The Vale Academy is a co-educational secondary school with academy status on Atherton Way in the market town of Brigg, North Lincolnshire, England.

The Vale Academy is one of two schools in Brigg, the other being Sir John Nelthorpe School, together they operate as the Brigg Sixth Form College.

History

Two secondary modern schools
The school was previously a secondary modern. Building began in 1955. It was to be called Brigg Secondary Modern School, but was called Glanford Secondary School, and cost £110,089, for the Lindsey Education Committee. It was a two-form entry.

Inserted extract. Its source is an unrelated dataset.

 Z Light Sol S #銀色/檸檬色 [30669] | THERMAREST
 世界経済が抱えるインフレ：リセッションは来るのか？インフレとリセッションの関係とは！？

There were seven classrooms, two dining rooms, four rooms for woodwork, housecraft, arts and crafts, and science, and a hall and gymnasium. It opened on Thursday 10 January 1957 on Redcombe Road. Another two-form secondary modern school was planned for Broughton. The headteacher was Mr Ernest Urry, the former head of Caistor Secondary Modern School (now Caistor Yarborough Academy) from 1951, and there were 13 teachers and 320 children.

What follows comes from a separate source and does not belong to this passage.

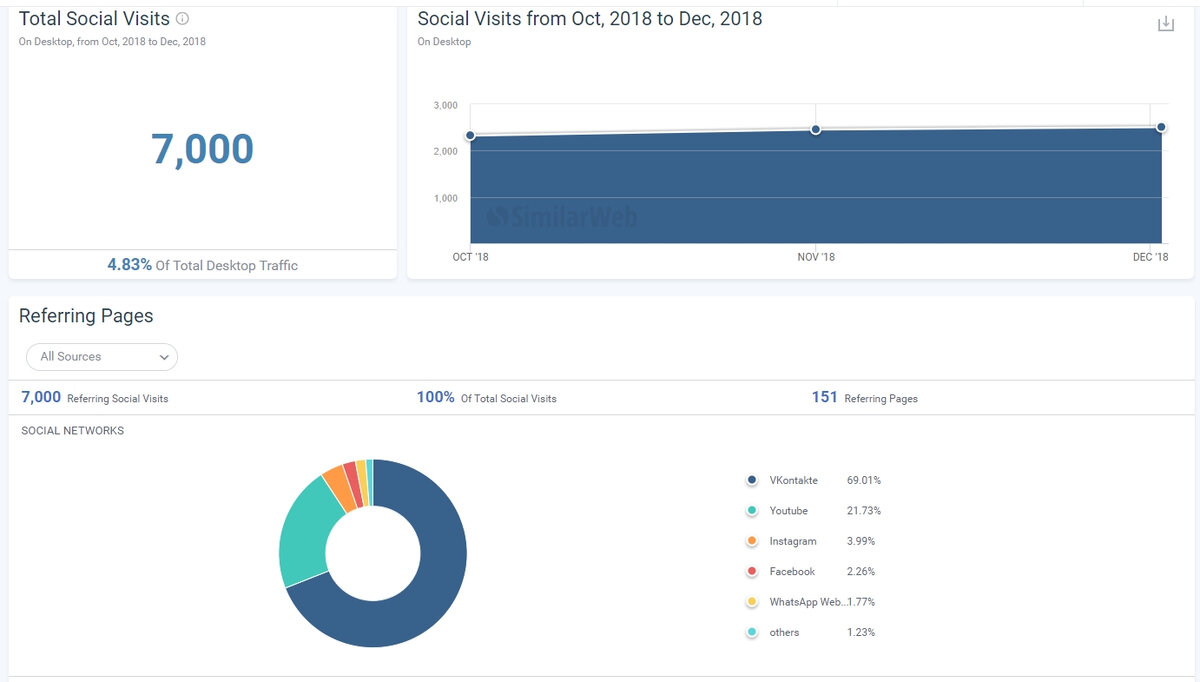 Пример анализа целевой аудитории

The school was officially opened 6 November 1957 by Colonel Nelthorpe. Ernest Urry died in August 1990, aged 82, in Stamford, Lincolnshire.

The adjoining Brigg Westmoor Secondary opened in September 1959. This school, to the north, was officially opened on Wednesday 21 September 1960 by the Bishop of Lincoln, Kenneth Riches. It cost £110,000, with ten teachers, nine classrooms and 280 children.

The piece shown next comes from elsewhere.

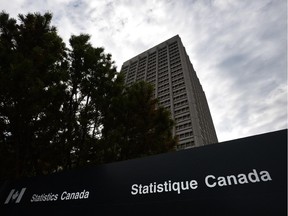 Statistics Canada.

In 1972, both schools became Brigg Secondary School.

Comprehensive
It became a comprehensive in September 1976, with around 800 children, on the Westmoor school site. It became a Music and Technology College in 2007. It joined the Schools Partnership Trust and officially became an academy on 1 September 2011.

In 2011 the Vale had GCSE results of 69% at grades A*-C, which was above the local education authority's average of 52%. The students at the school make good progress - in the last two years value added scores for student progress have been positive. The Sixth Form value added score is also positive for progress at 0.22 and A*-C grades at A level have risen to 86%.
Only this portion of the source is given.